Q: What led you to make Ramon Llull, the 13th-century mystic philosopher, a rather important influence in this novel?
A:
It’s interesting that Ramon Llull is enjoying a wave of rediscovery and adulation in Europe, and is thought of as someone between Mick Jagger and Moses, as a profound philosophical music-maker and radical thinker. What drew me to him was his history. As a young man he was a spectacular seducer, a Don Juan who lived for love, inspired by the physical beauty of women. When the woman he loved was tragically stripped of her beauty, Llull’s moment of truth came-he abandoned his love and fell from grace. After that he renounced material goods and the pleasures of the flesh, and sought solace and forgiveness in messianic fervor. Ultimately he was stoned to death in North Africa while proselytizing to the Arabs that the Jews, Christians and Moslems were all parts of one universal religion.
To understand the soul of Zermano one must appreciate how his torment parallels that of Llull. After Zermano loses Louise, he turns in his painting to the subject of war and devastation; he is seeking, in a darkened world, a reflection of Louise’s brilliant spirit to light his way back to redemption. In life, Zermano’s redemption is not possible until he learns the ultimate price Louise paid in her journey from the profanity of war to the sacred absolution of personal grace.



AboutThomas Sanchez:
Thomas Sanchez was born in Oakland, California. As a young man, Mr. Sanchez worked on cattle ranches in the Sierra Nevada mountains. He was involved in many of the major cultural and political clashes of the mid-1960s in Berkley and San Francisco and in the late 60s moved to Andalucia, Spain. After returning to the U.S., he became involved in the Indian takeover of the town of Wounded Knee in the Black Hills of South Dakota, site of an infamous Sioux massacre in the 1800s. Mr. Sanchez acted as a scout and tracker, escorting people and supplies through the forbidden free-fire zone set up by the Army National Guard.
Mr. Sanchez is the recipient of literary fellowships from the National Endowment for the Arts and the Guggenheim foundation. In 1996 he was inducted by the French Ministry of Culture into the Ordre des Arts et Lettres in recognition of his novels Rabbit Boss, Zoot-Suit Murders, and Mile Zero, which have been published in more than fifty international editions and translations. Mile Zero (Knopf, 1989) was a New York Times Notable Book.

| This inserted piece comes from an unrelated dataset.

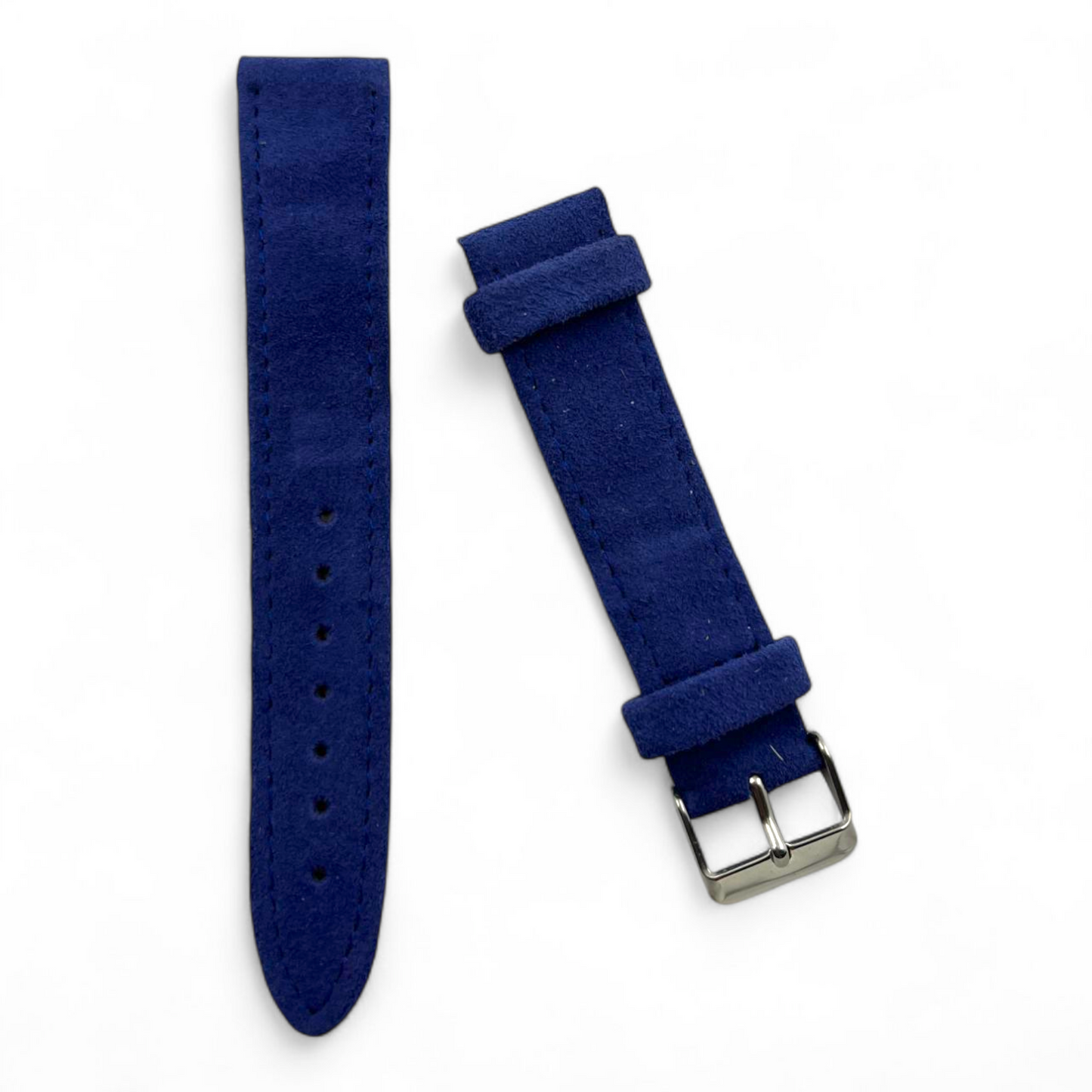[22 mm] Suede Strap - Matched Eletric Blue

Mr. Sanchez’ experiences fused in his first novel, Rabbit Boss, which was named to the San Francisco Chronicle‘s "Western 100 List of the Best 20th Century Fiction." After the publication of Rabbit Boss, Mr. Sanchez moved to an adobe hacienda in the mountains above the Santa Barbara Mission, where he focused on the writing of Zoot-Suit Murders (Vintage 1991), which concerns the political upheaval caused by clashes between barrio gangs and Los Angeles police and federal forces during World War II. In the 1980s Mr. Sanchez moved to the Florida Keys, restoring a sea captain’s house built in the 1860s and doing research for his Key West novel Mile Zero, which spans the period from 19th century ship-wreckers to modern-day drug smugglers and gun-runners. He also traveled in El Salvador and Guatemala during the height of their civil wars.
Mr. Sanchez spent much of the 1990s in Paris and Provence conducting interviews and gathering material for his new novel, Day of the Bees (Knopf, 2000). It is a love story set during World War II and centers on a woman’s parting from her lover, a famous painter, her subsequent involvement with the French Resistance, and the discovery of their correspondence by a present day art historian.
Mr. Sanchez currently resides in San Francisco, California.